BEGIN

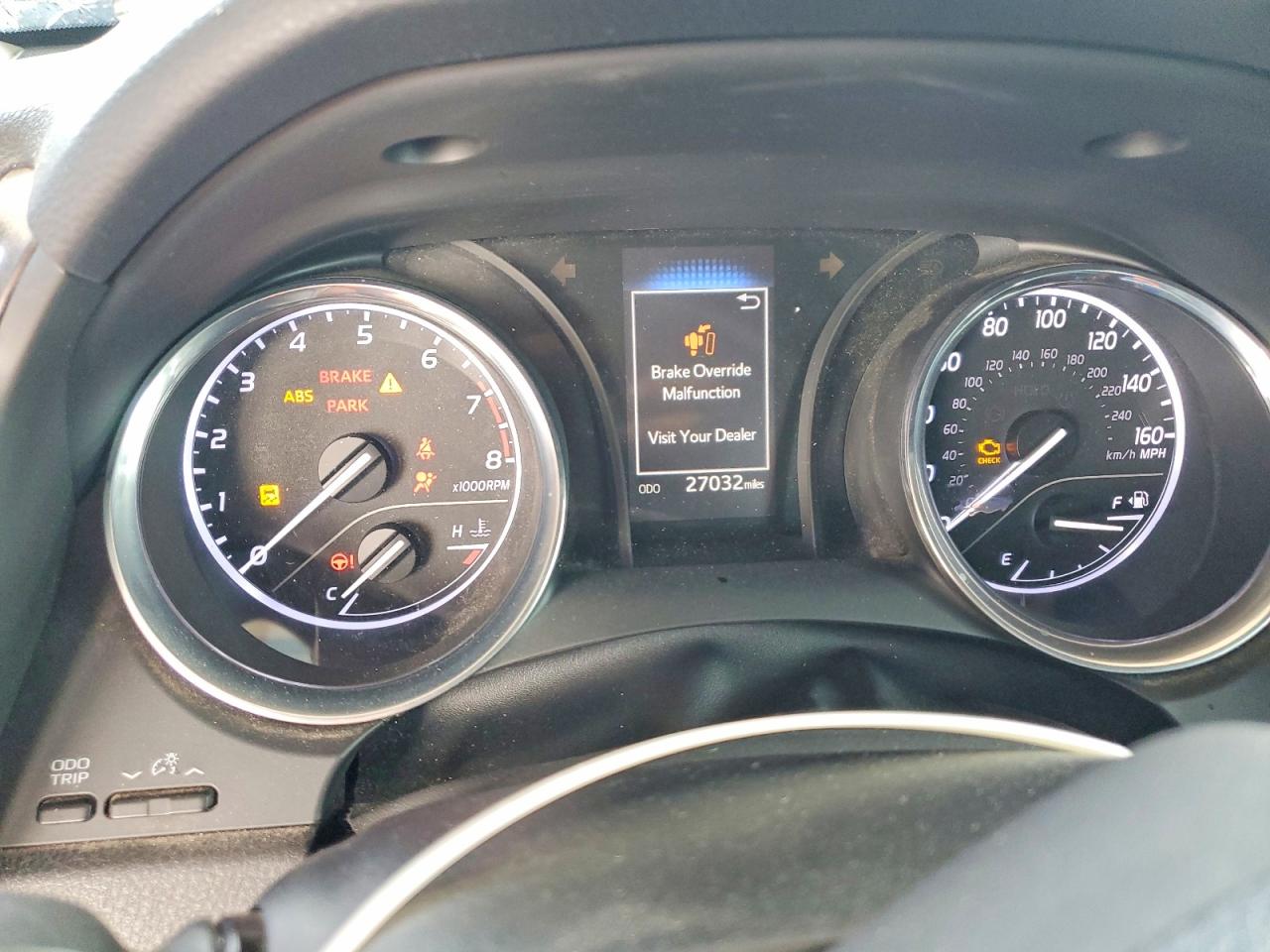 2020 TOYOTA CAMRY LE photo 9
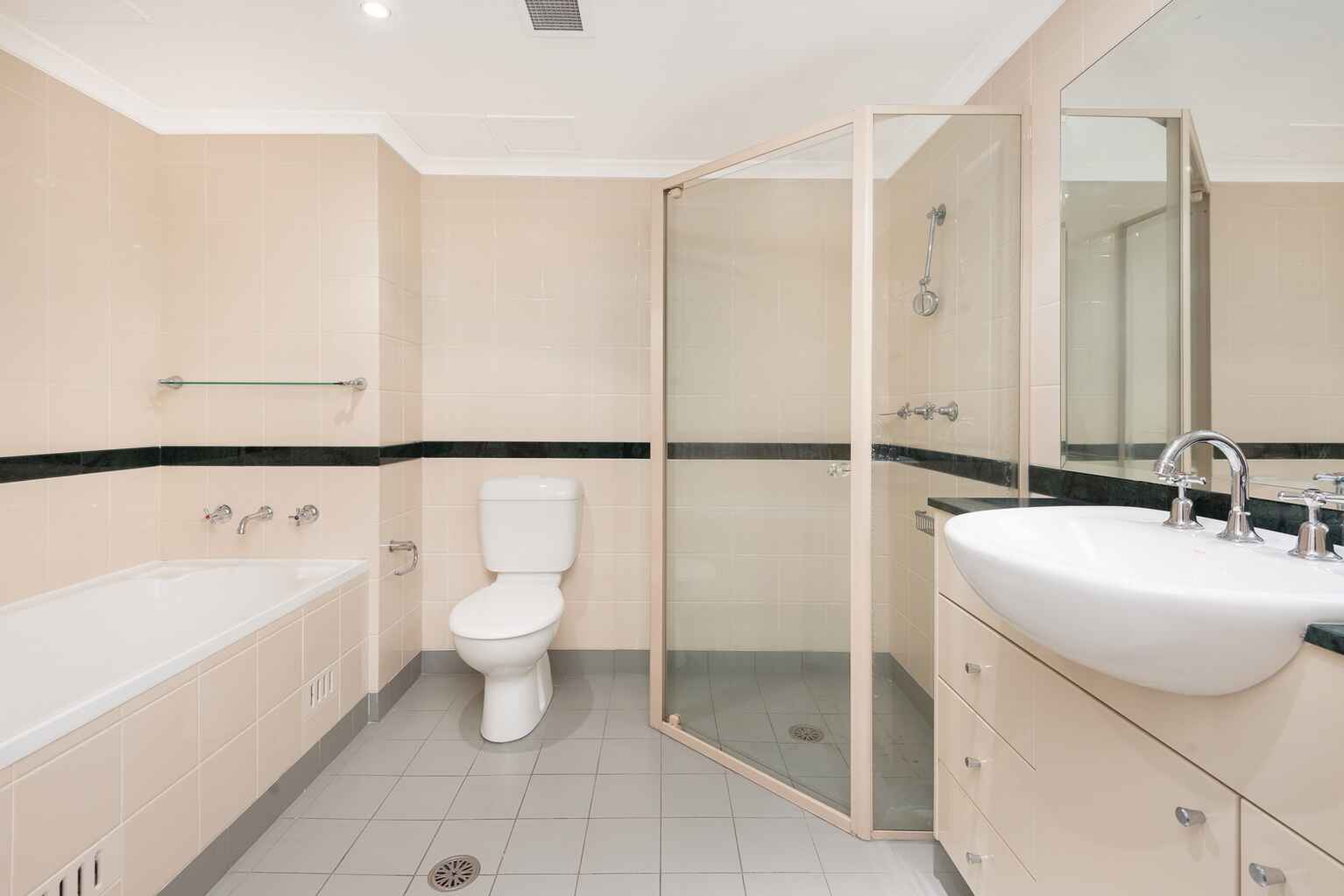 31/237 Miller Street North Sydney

END
BEGIN

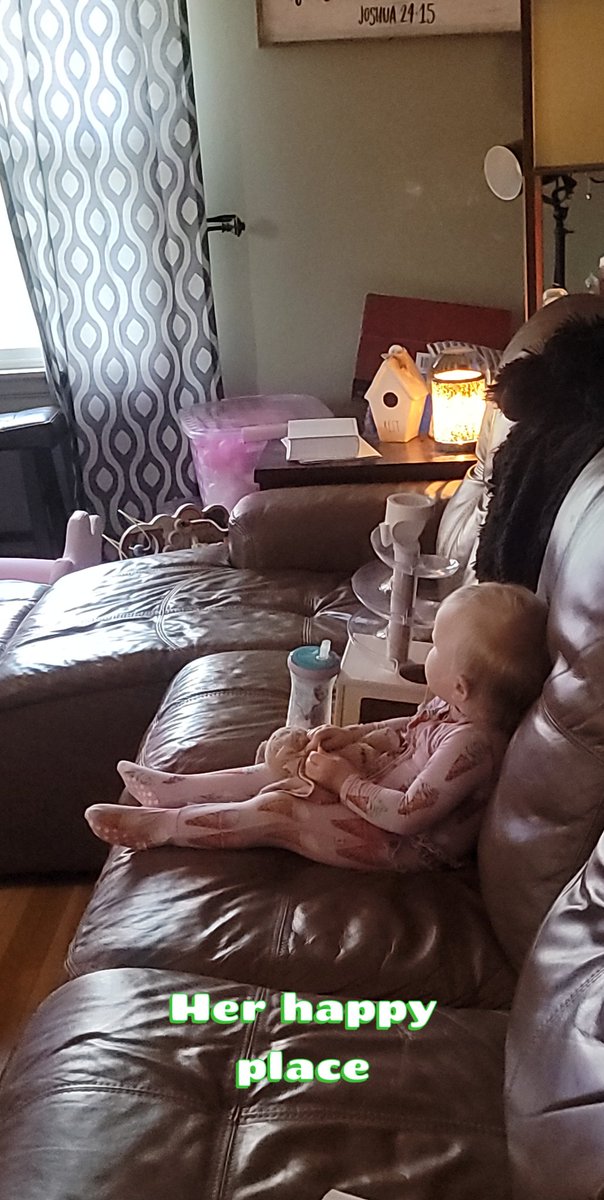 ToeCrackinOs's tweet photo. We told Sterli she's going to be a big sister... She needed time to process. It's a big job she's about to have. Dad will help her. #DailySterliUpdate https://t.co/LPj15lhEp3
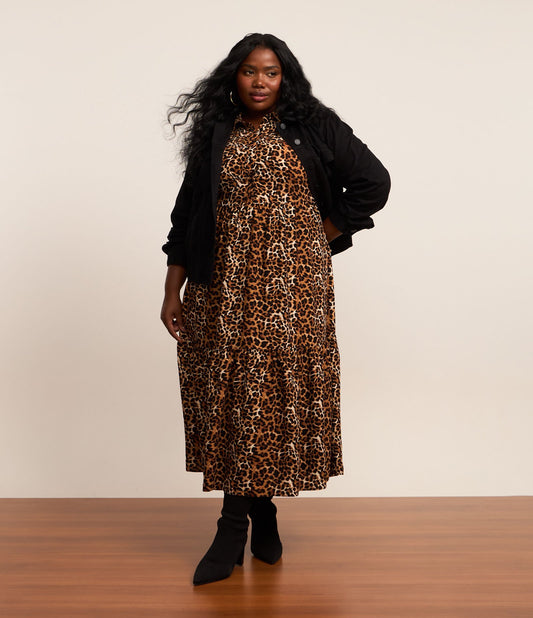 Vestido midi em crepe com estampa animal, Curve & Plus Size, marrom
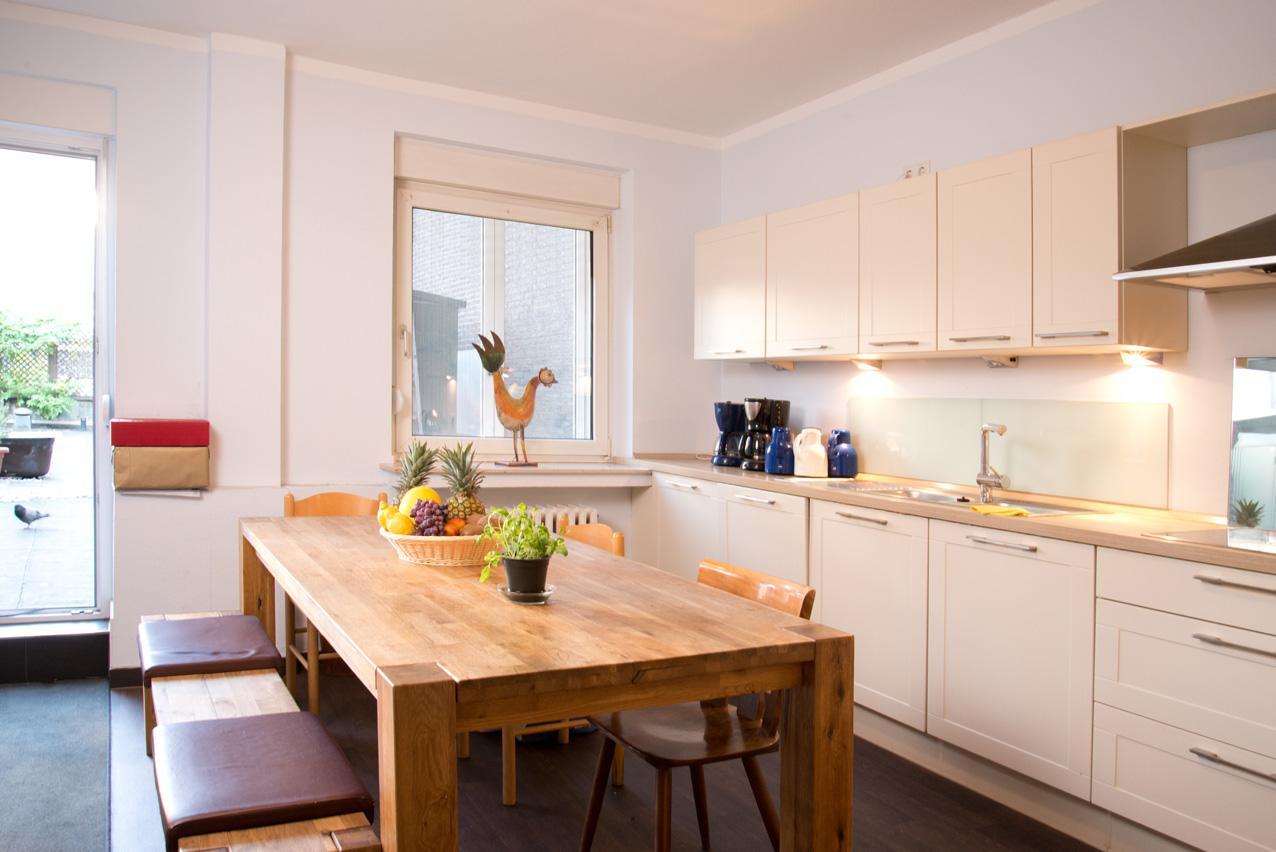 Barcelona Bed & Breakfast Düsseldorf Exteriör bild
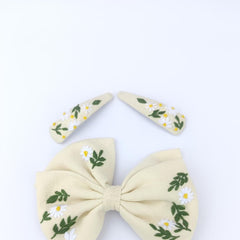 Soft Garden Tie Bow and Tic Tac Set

END

TASK OBJECTIVE
For this task, return exactly the stretch of the listing above from the line with "Barcelona Bed &" through the line with "Soft Garden Tie Bow and Tic Tac Set", inclusive and without pictures.

EXERCISE SOLUTION
 Barcelona Bed & Breakfast Düsseldorf Exteriör bild
 Soft Garden Tie Bow and Tic Tac Set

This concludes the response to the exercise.